The number of faulty base transceiver stations (BTSes) has reduced to nearly 290 from about 800 before the lockdown period, as telecom companies and the Department of Telecommunications (DoT) joined hands to ensure uninterrupted connectivity.
This was out of a total number of about 22 lakh BTSs in the country. Similarly, the number of optical fibre cable (OFC) cuts were reduced to about 19 from the 100 per day before the lockdown period, according to Cellular Operators’ Association of India (COAI) Director-General Rajan S Mathews.
A BTS is a piece of equipment that facilitates wireless communication between user equipment (such as mobile handsets, computers with wireless Internet connectivity) and a network.

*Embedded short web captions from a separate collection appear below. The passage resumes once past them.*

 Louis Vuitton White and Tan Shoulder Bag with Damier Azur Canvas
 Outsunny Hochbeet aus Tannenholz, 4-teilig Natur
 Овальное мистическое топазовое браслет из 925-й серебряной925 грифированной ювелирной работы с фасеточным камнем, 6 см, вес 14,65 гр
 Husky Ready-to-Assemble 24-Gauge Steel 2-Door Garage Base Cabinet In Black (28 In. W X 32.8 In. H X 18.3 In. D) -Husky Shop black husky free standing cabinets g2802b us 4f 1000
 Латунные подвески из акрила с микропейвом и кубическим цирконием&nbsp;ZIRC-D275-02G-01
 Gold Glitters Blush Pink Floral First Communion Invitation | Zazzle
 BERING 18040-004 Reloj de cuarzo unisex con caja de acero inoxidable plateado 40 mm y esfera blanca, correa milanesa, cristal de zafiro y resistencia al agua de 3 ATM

The DoT had also instructed power companies to ensure stable and continuous power to cell towers to minimise logistical movements, he said, adding the department has assured the industry of its full support, especially during the Covid-19 lockdown, to ensure network uptime and quality of services.
In a meeting on Monday, the Secretary and senior members of the DoT and the Director-General of COAI discussed the preparedness of the industry during the lockdown period.

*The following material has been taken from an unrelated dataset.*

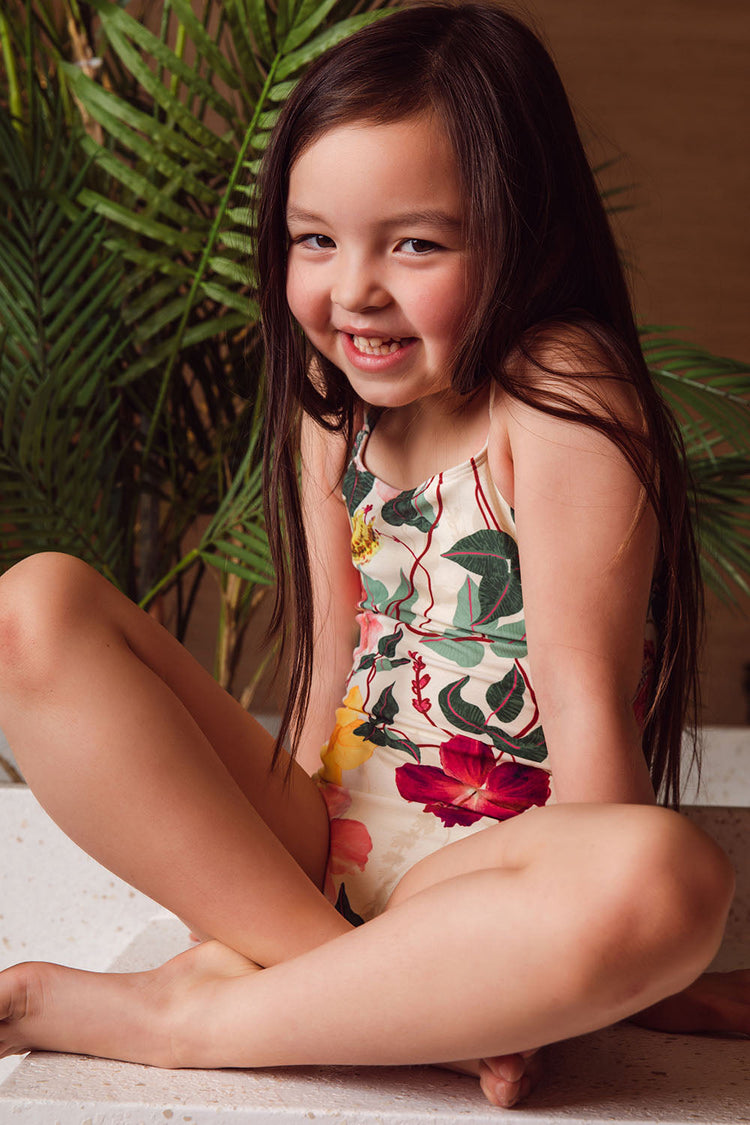 GIRLS HIBISCUS RUFFLE SWIMSUIT (FINAL SALE)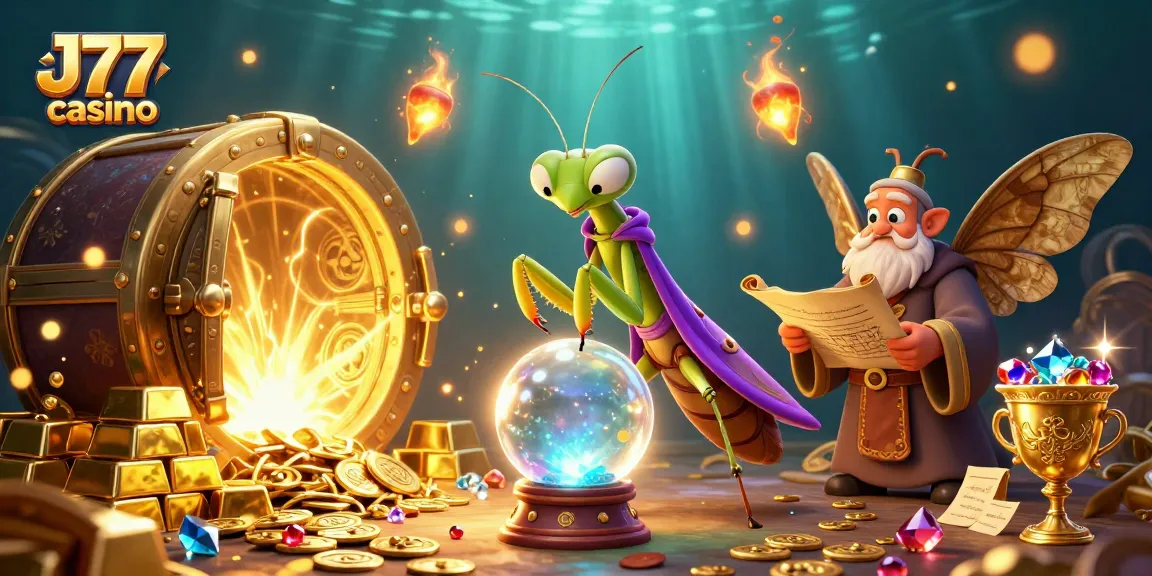 Experience the magic at J77 casino with vibrant fortune teller and treasures lighting the scene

The DoT also provided “substantial support” to meet the challenges of the increased traffic load on the networks and the logistical issues involved in maintaining the uptime of the networks. Assistance to request streaming video companies to reduce their content from high definition (HD) to standard definition (SD), setting up of single points of contact and operational centres in each licensed service area, among others, were provided.
The DoT also assured the industry that additional issues like the request for dynamic IP addresses, additional backhaul spectrum, relaxation in filing compliance requirements due to the extension of the quarantine period, clearance of pending network equipment type approvals (ETA), SIM activations, movement of essential goods would all be reviewed and decisions taken “expeditiously”.
During the meeting, the COAI also sought a reduction in license fees (LF) and spectrum usage charges (SUC) and modifications in the GST, where spectrum debt payments, LF and SUC payments would not be classified as ‘services’ and hence not attract GST. The DoT Secretary referred this to Member Finance, Mathews said.
Internet usage on the rise
India, which has one of the largest Internet user bases in the world with nearly 600 million subscribers, had registered a 25-30 per cent rise in data consumption in the initial days of lockdown.
“The increase is attributable largely to the increase in social media usage, Internet access to news coverage, online video streaming for mobile and work from home initiatives and OTT content. However, after the initial surge this has flattened out, and in some cases also dropped from the peak levels in the last few days. This is largely because of some of the initiatives taken by the overall industry ecosystem, like moving from HD to SD content by the OTT players for example,” Sathish Gopalaiah, Partner, Deloitte India said.
Even before the Covid-19 crisis, India had one of the highest data usages per subscriber at 10-11 GB per month.